### [Work item]
Your copy should start at the line with "Obrázok produktu pre" and end at the line with "KAKUSIGA φορτιστής τοίχου" in the data below. Transcribe only those lines, exactly, pictures excluded.

[[ Source material open ]]

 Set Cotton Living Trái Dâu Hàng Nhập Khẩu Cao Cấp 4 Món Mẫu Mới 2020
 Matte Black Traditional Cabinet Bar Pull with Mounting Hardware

[[ Source material closed ]]
[[ Source material open ]]

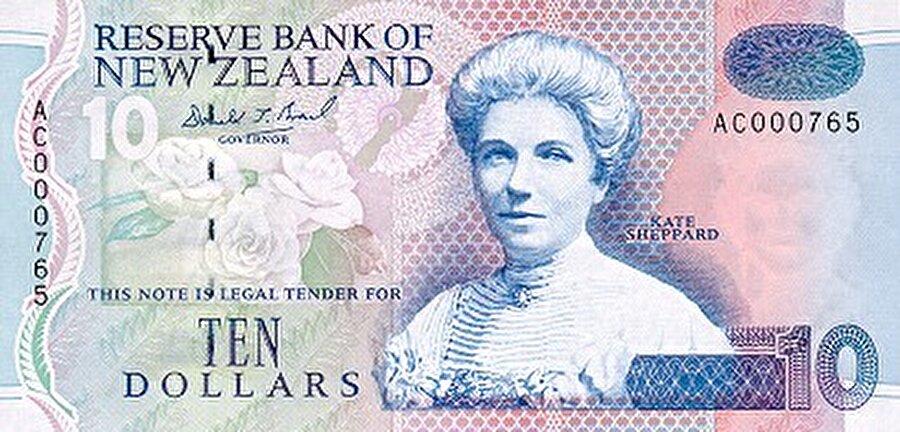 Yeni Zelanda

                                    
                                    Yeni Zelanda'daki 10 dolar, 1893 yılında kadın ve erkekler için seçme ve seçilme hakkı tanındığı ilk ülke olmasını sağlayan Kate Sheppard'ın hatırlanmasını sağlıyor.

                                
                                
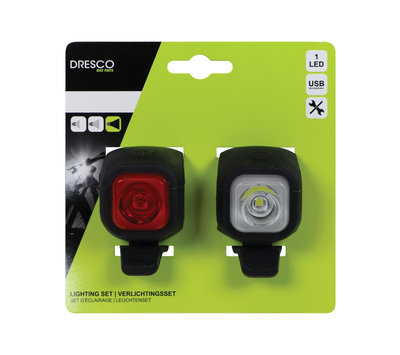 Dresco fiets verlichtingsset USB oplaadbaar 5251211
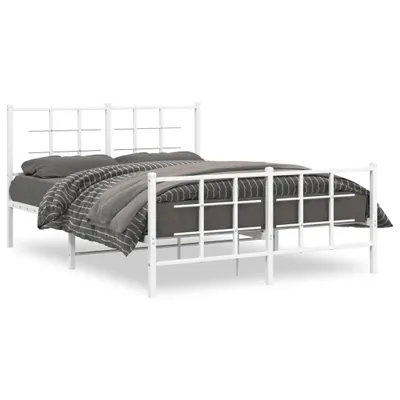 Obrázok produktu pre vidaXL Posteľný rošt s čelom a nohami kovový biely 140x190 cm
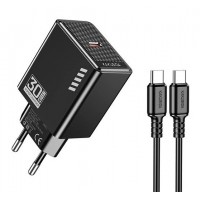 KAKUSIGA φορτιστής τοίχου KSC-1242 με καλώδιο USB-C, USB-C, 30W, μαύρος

[[ Source material closed ]]

### [Output]
 Obrázok produktu pre vidaXL Posteľný rošt s čelom a nohami kovový biely 140x190 cm
 KAKUSIGA φορτιστής τοίχου KSC-1242 με καλώδιο USB-C, USB-C, 30W, μαύρος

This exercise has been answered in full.